Boil 10 new potatoes until tender to the tip of a knife about 8-10 minutes depending on size.
Let them cool and peel off the skins, these should rub off with using your thumb.  Cut into bite size pieces and place in a serving dish.
Wash and finely slice 10 radishes and half a cucumber(skin on), set aside and make the mint vinagrette.
You will need:

2 garlic cloves, sliced
1/2 tsp sea salt
1/2 tsp Dijon mustard
1 tblsp white wine vinegar
8 mint leaves, finely chopped
5 tblsps extra virgin olive oil
1 tblsp mayonnaise

With a pestle and mortar, crush the garlic with salt until it is pulp.  Add white wine vinegar and dijon mustard and mix together with a spoon.  Slowly add the olive oil, whisking as you go.  Finally stir in the chopped mint leaves and add 1 tsp of mayonnaise and whisk until it is combined.
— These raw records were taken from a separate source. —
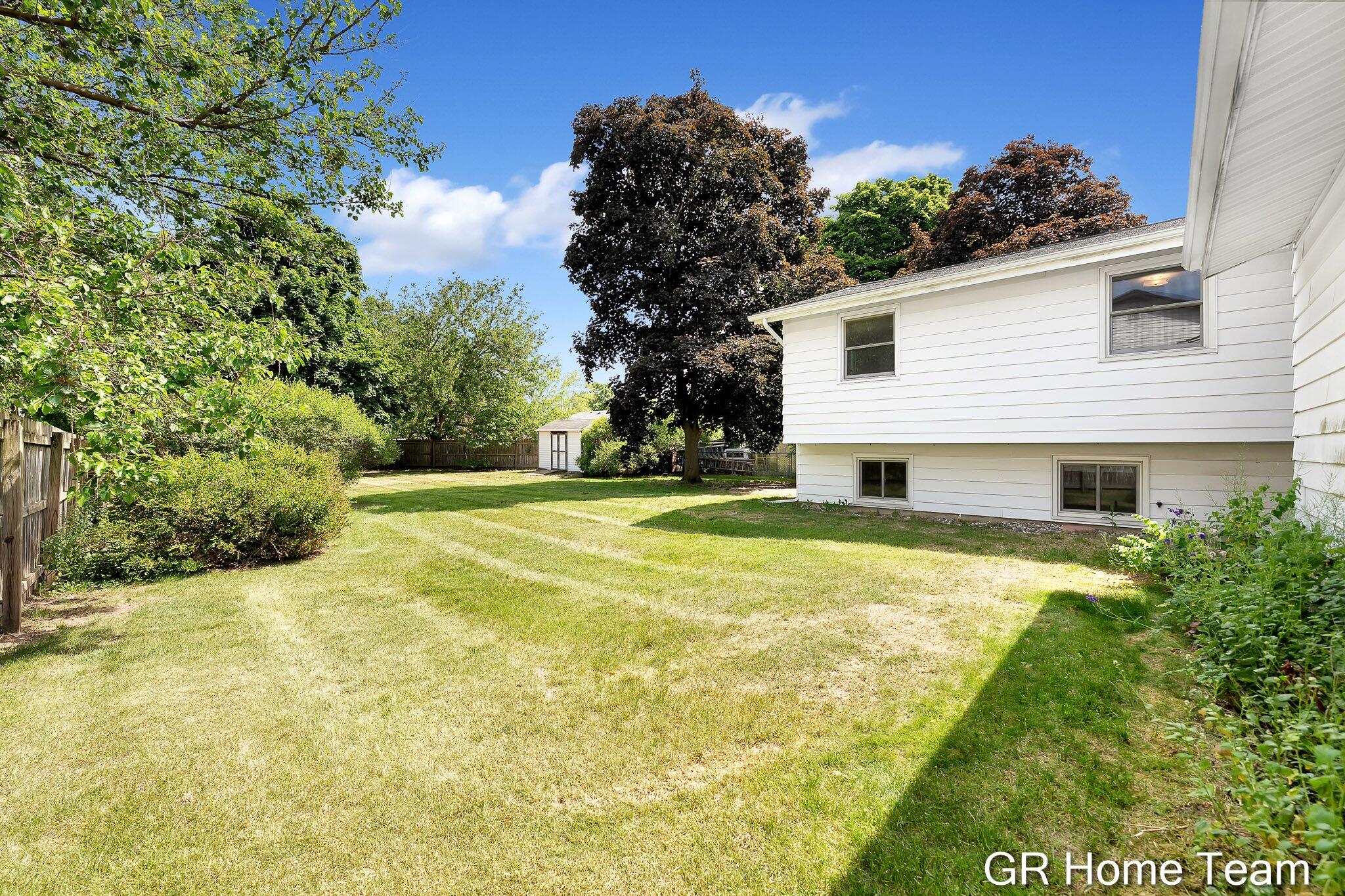 895 Bellewood Drive SE Grand Rapids MI 49508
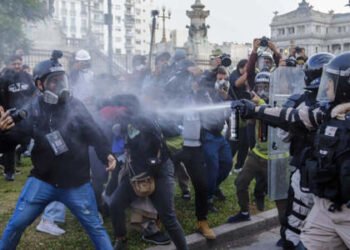 OTRA MARCHA VIOLENTA PARA LOS JUBILADOS Y MEDIOS DE PRENSA.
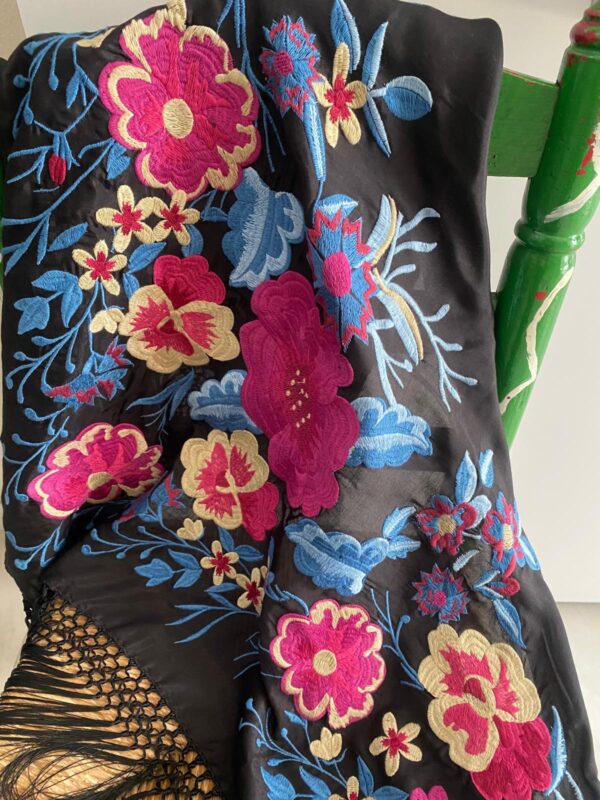 Mantoncillo de flamenca modelo Manuela con fucsia - Imagen 3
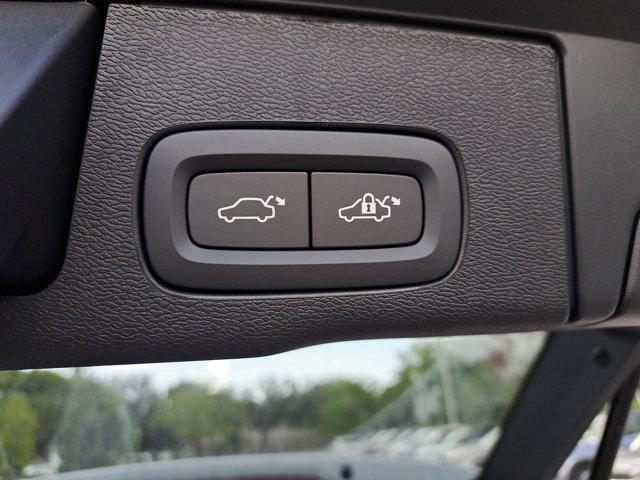 new 2026 Volvo XC60 Plug-In Hybrid car, priced at $72,051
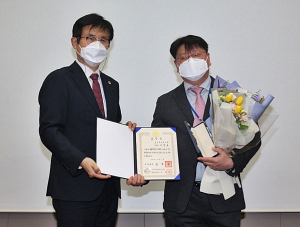 경주시의사회 이길호 회장, 국무총리 표창 수상 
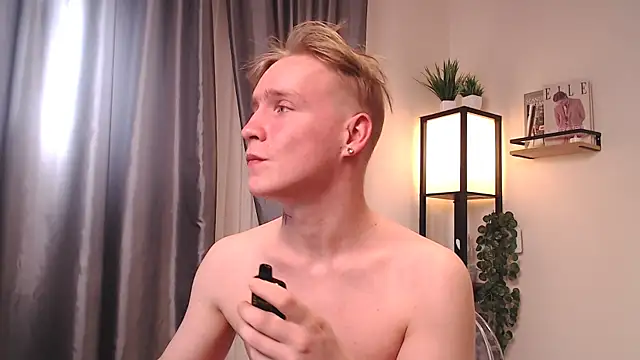 โชว์เว็บแคมของ AlexxSweet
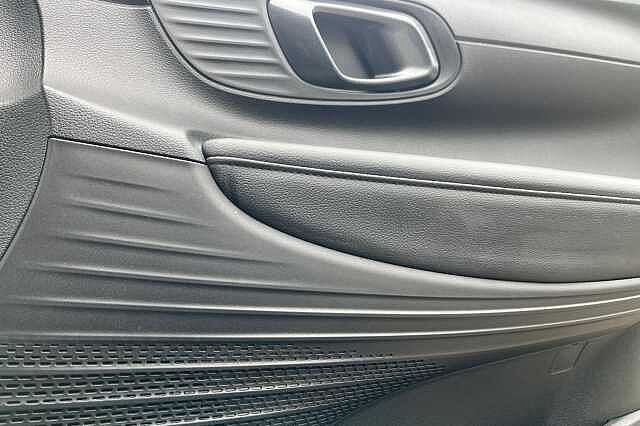 Hyundai BAYON 1.0 T Gdi Mhev Premium Suv 5dr Petrol Hybrid Dct Euro 6 (s/s) (100 Ps) Aurora Grey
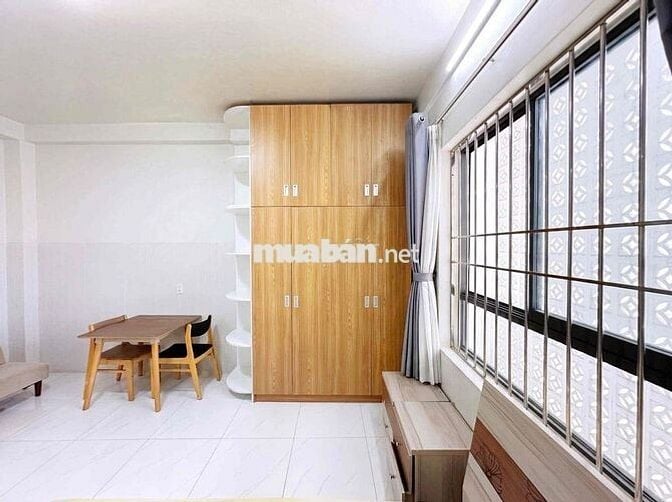 STUDIO CỬA SỔ TRỜI, FULL NỘI THẤT - RỘNG 30M2, SÁT CẦU NGUYỄN VĂN CỪ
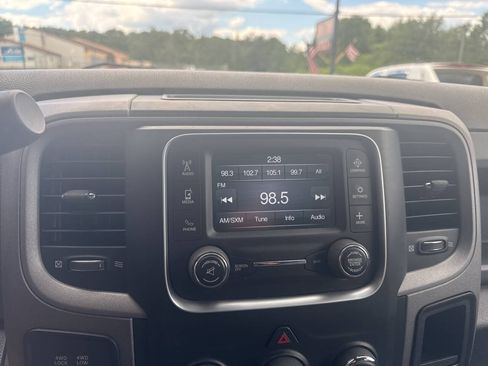 Used 2015 RAM 1500 Express AWD/4WD image 27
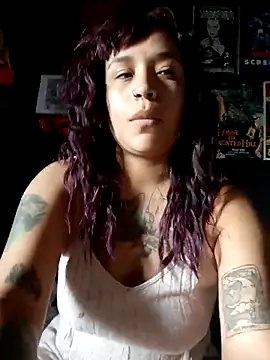 Snapshot of GingerLara chatting on February 9, 9:52 pm GingerLara online show from February 9, 9:52 pm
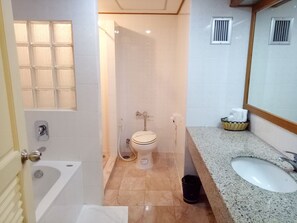 Un baño con bañera, inodoro y lavabo.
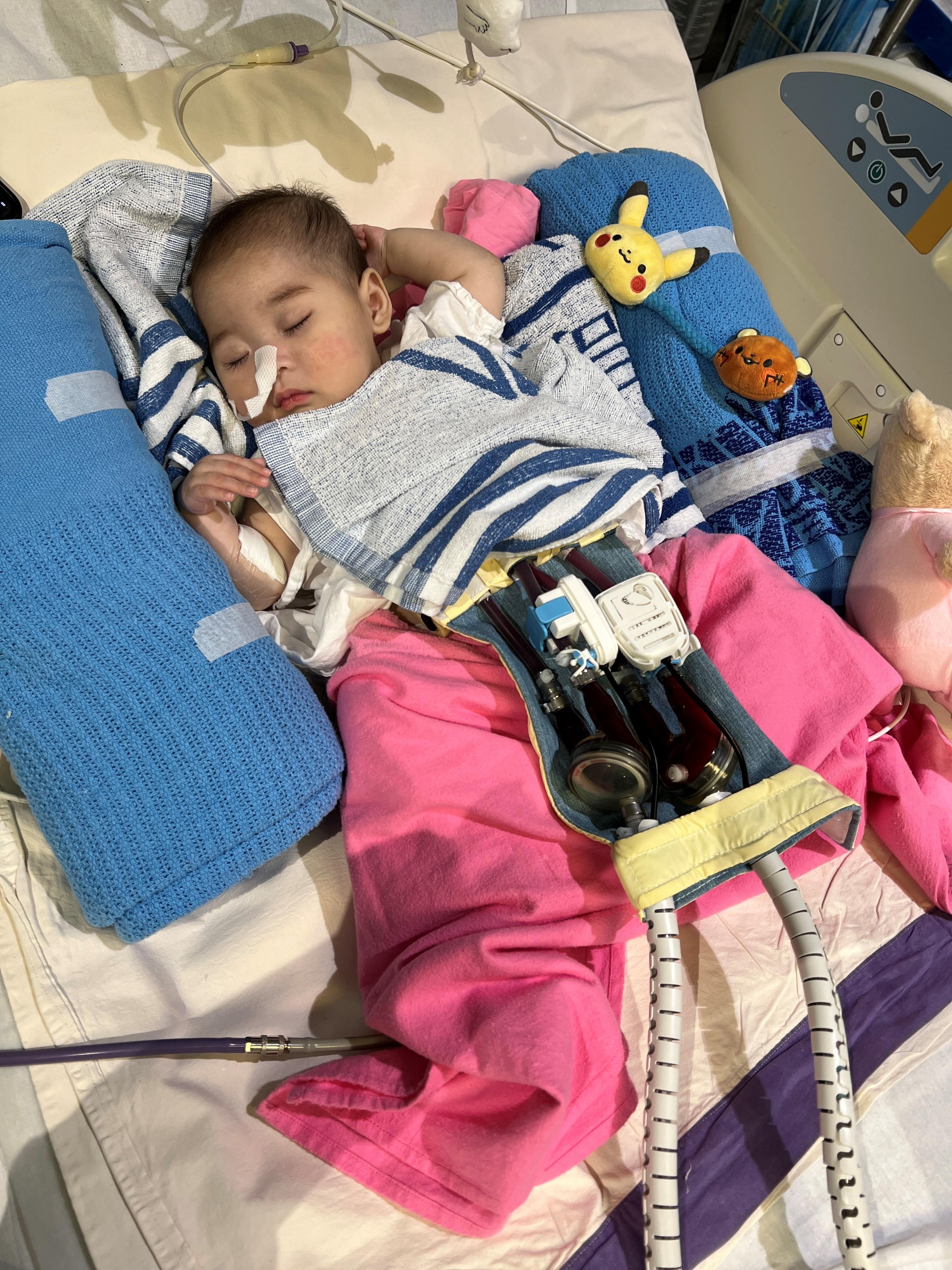 祈祈(Whitney)目前於香港兒童醫院兒童深切治療部留醫,情況一直危殆。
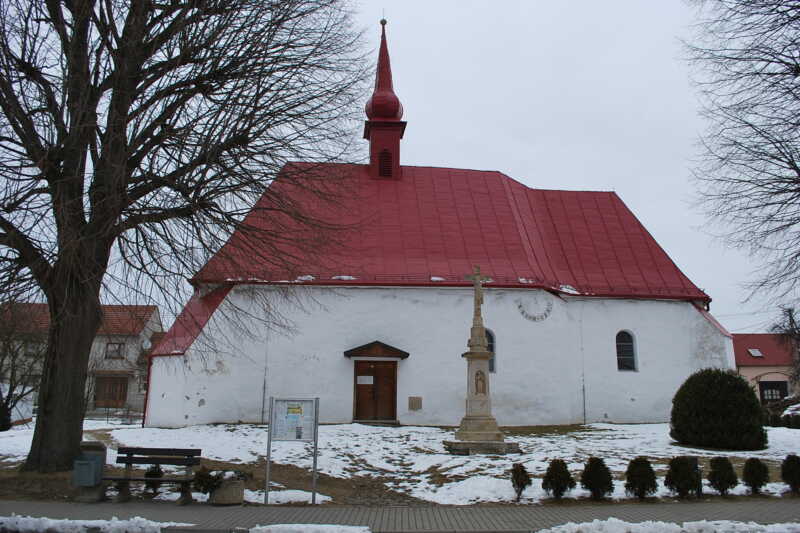 Stínava, kousek od Prostějova, prastarý kostelík hodný vaší pozornosti
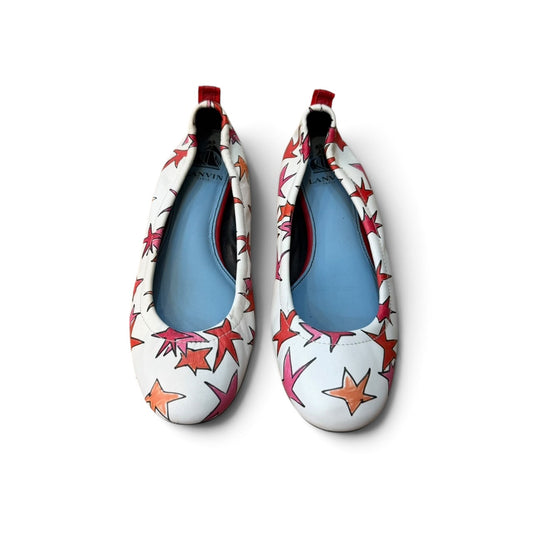 38 LANVIN Paris Star Print Leather Ballet Flats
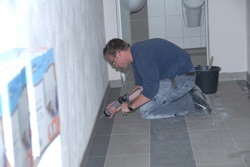 Was nicht sollte Dichte sein, spritze ich Silikon hinein  . . .  Foto von Lara M�llengraf.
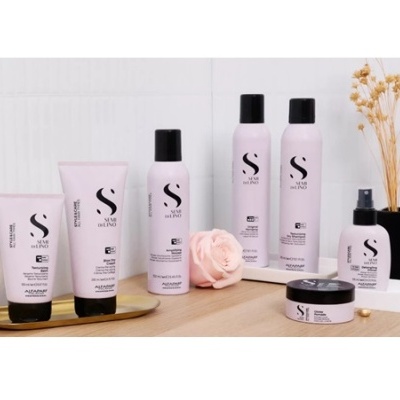 Produtos de cuidados capilares Sem de Lino em embalagens rosa claro com preto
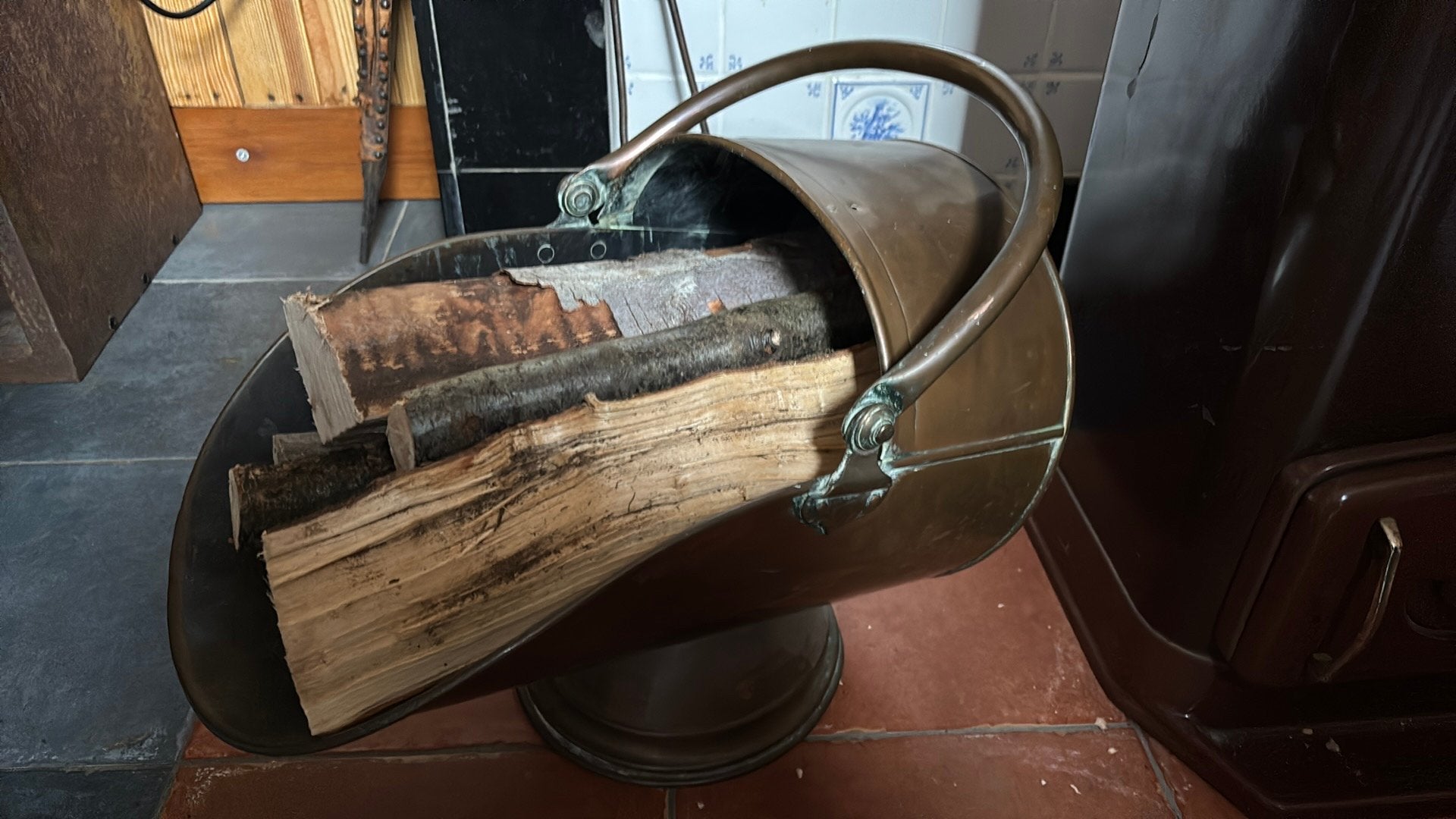 Porte buches en cuivre, Antiquités & Art, Enlèvement, Cuivre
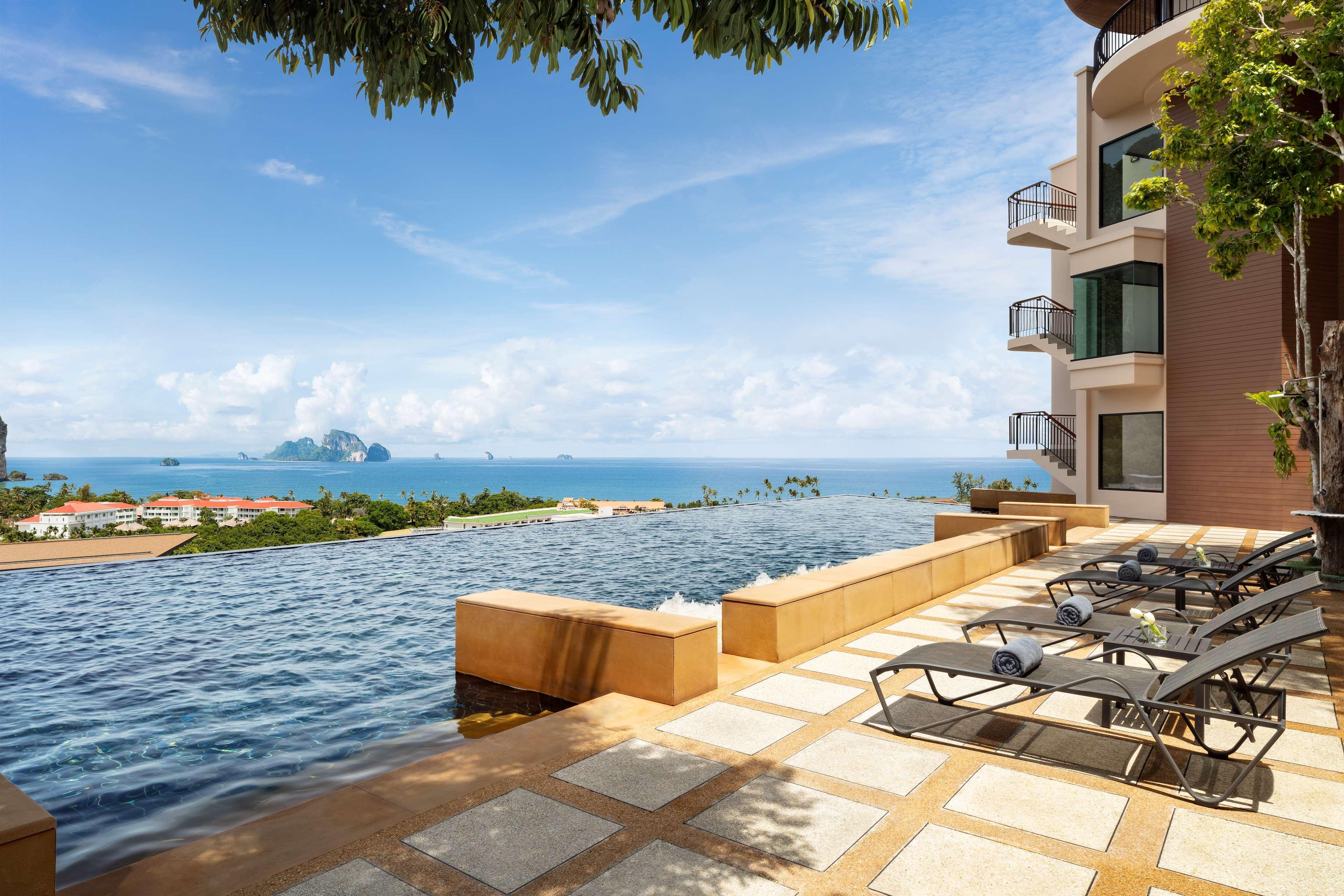 Avani Ao Nang Cliff Krabi Resort Ngoại thất bức ảnh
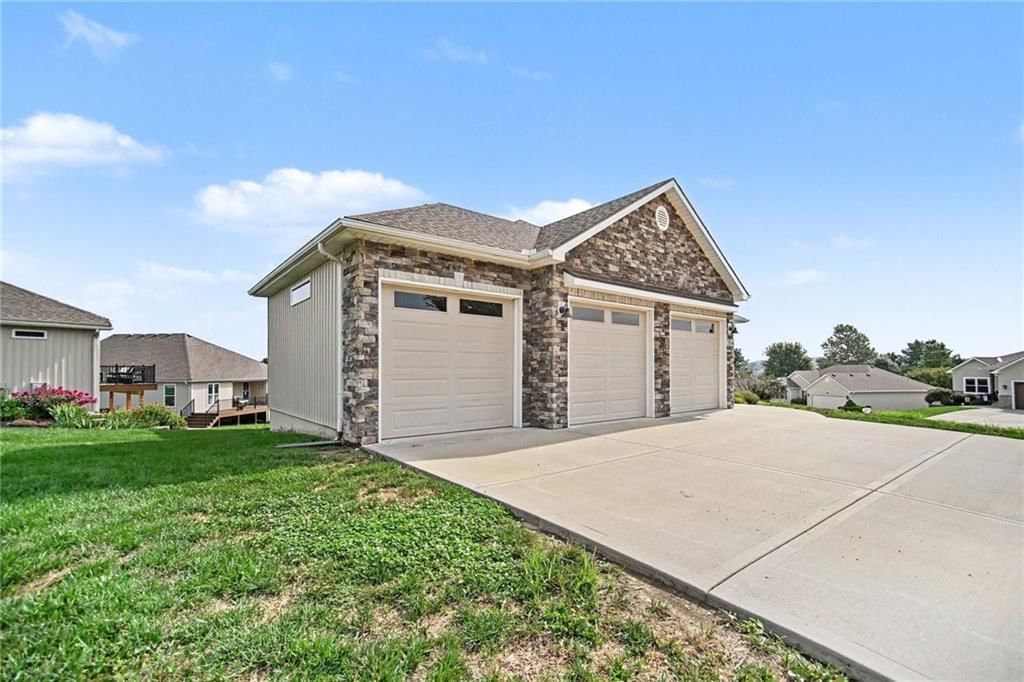 304 Prairie Rose Circle — photo 5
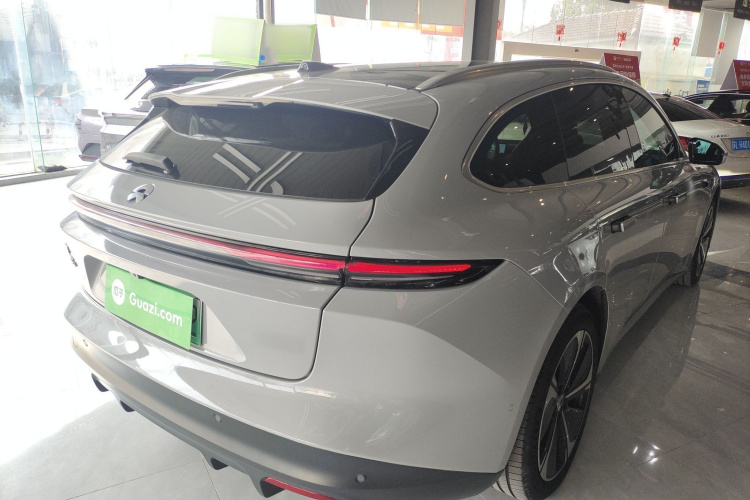 蔚来ET5T 2023款 75kWh Touring车身外观7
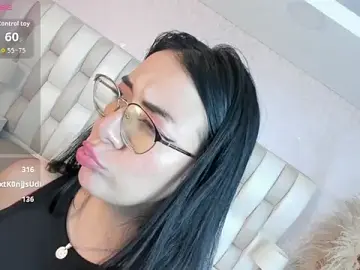 Stripchat Free Live Porn of Ari_lynn_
Pour over the cold potatoes.  Add the radish and cucumber and mix gently together with two spoons until everything is coated in the delicious minty vinagrette.
Serve sprinkled with some shredded mint.  Light, tasty and bursting with fresh spring flavours.

This great little salad makes an excellent side dish for simply cooked white fish and it is very versatile in terms of possible experimental additions.  Add torn pieces of cooked chicken and a soft boiled egg for a more substantial meal or, as you see above, we ate it with some Ardsallagh goats cheese which was amazing.  The bright radish skins make a great colour contrast against the waxy yellowish new pototoes flecked with (my very precious) fresh green spring mint - looks and tastes really good.

Sunday, April 25, 2010

scotch eggs for a family picnic

There was a definite, identifiable warmth in the balmy air this little potatoes have unfurled their first leaves which makes me as nervous as a new mother. How do I look after them? How do I protect them from those evil snails? I am not sure if snails like potatoes, but I do know that they have a penchant for mint. Upon inspection of my small slip of a crop this morning, I discovered that my poor plant had been attacked by not just one snail, but no less than six! I removed a family of them from the plant pot ... its me against the snails at the minute, and if I catch them near my little darling potatoes, it will be war!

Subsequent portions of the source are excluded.